According the information given by the farmer who provided the seed, 60% of all the seed sharings were on the basis of ‘being asked for seed’ and in 40% of the cases the seed was ‘offered’ (Table 7). There were significant differences between countries (p < 0.001): in Kenya and Zimbabwe ‘being asked for seed’ was more pronounced (72% and 74%, respectively), while in Ghana and Malawi, seed was more often ‘offered’ than ‘being asked for’ (76% and 59%, respectively). This concurs with information from women farmers in the Zimbabwe study who said that giving seed without the person asking for it is not a normal practice. Some women farmers in Ghana mentioned this as well, but our data did not confirm this. Although there was no significant difference, totalled over the four countries, in each of the four generations, a larger percentage of women had been asked for the seed, while men gave seed as often they were being asked. The first-generation farmers were encouraged by N2Africa researchers to share seed with others, but this did not express itself in higher percentages of ‘giving’ (rather than waiting to being asked for) than in other generations: the proportion of seed that was offered increased significantly with generation (p < 0.01).
Table 7.
The sharings by women and men on the basis of ‘offering’ and ‘asked for’ in the different generations of farmers (% per category, weighted averages).

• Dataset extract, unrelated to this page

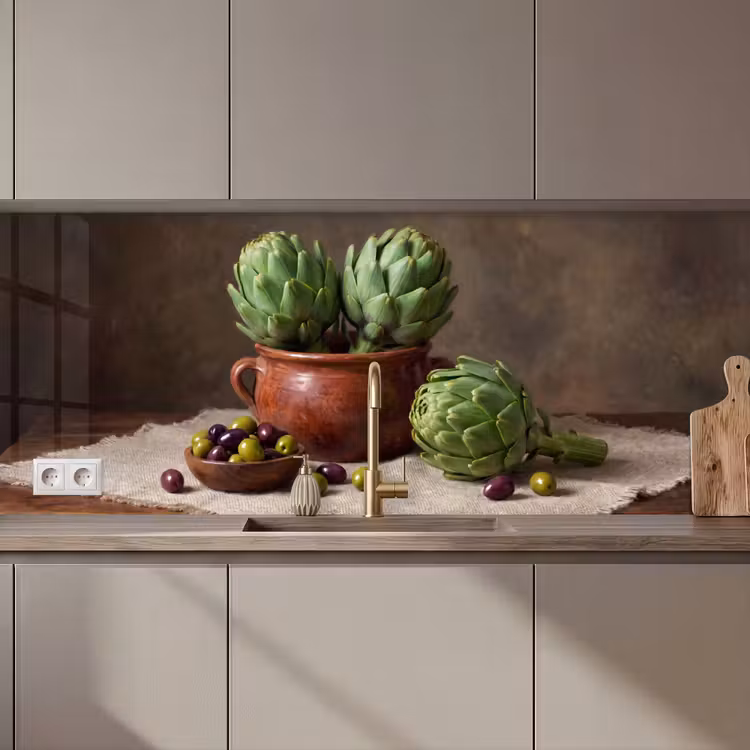 Keuken achterwand - Artisjokken - Olijven - Eten — 1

Women who passed on seed | Men who passed on seed | Total (N = 371) | ||||
---|---|---|---|---|---|---|
Generation | Gave (n = 70) | Were asked (n = 138) | Gave (n = 79) | Were asked (n = 84) | Gave (n = 149) |
Were asked (n = 222) |
First | 31 | 69 | 48 | 52 | 38 | 72 |
Second | 30 | 70 | 48 | 52 | 41 | 59 |
Third | 67 | 33 | 50 | 50 | 62 | 38 |
Fourth | ||||||
Total | 34 | 66 | 49 | 51 | 40 | 60 |
The transactional characteristics of the seed sharing
To further explore the character of the seed sharings, we differentiated between gift, exchange and cash payment. Of the total number of seed sharings (n = 406), it was not possible to identify the character of 22 transactions in Ghana (Table 8). Of the remaining cases, the large majority of all the transactions were described by the seed providing farmer as ‘gifts’ (p < 0.001). There were no significant differences due to gender or country in the proportion of gifts versus other transaction types. In Kenya, 14% of the seed sharings were in exchange for cash. In Malawi, the implementing N2Africa agencies used a ‘loan-based’ transaction: the receiving farmers were asked to return the same or twice the amount of seed provided. This is apparently a common practice in the sharing of seeds in central Malawi. In 24% of the seed sharings in Malawi farmers used this transaction form; all were transactions between first- and second-generation farmers. Exchange and paying with labour was only reported for six cases (three in Malawi and three in Zimbabwe). There were 14 cases (4%) reported as ‘other transactions’. Of all sharings of seed by women, 81% were reported as gifts, whereas only 70% of men shared as a gift. Both female and male farmers shared seeds with cash payment (i.e. were ‘sold’) in only 5% of the cases. Because of the variation between countries and sites for the small number of non-gift sharings, it is difficult to see a pattern. All the sharing by the three groups in Kenya (n = 32) was in the form of gifts.
Table 8.
The transactional characteristics of seed sharing by country and gender (%).
Country | Gender | ||||||
---|---|---|---|---|---|---|---|
Ghana (n = 34) | Kenya (n = 107) | Malawi (n = 129) | Zimbabwe (n = 82) | Female (n = 205) | Male (n = 147) | Total (N = 352) | |
Gift | 97 | 83 | 63 | 96 | 85 | 73 | 80 |
Cash | 3 | 14 | 2 | 0 | 5 | 5 | 5 |
Exchange | 0 | 0 | 3 | 3 | 2 | 1 | 2 |
Return | 0 | 0 | 24 | 0 | 6 | 12 | 9 |
Other | 0 | 3 | 9 | 0 | 1 | 8 | 3 |
Of the 19 cash payments (1 in Ghana, 16 in Kenya and 2 in Malawi, representing 5% of all transactions), there were 11 with ‘others’ (15% of all transactions with others), 5 with friends (4% of all transactions with friends) and 3 with a relative (1% of all transactions with relatives).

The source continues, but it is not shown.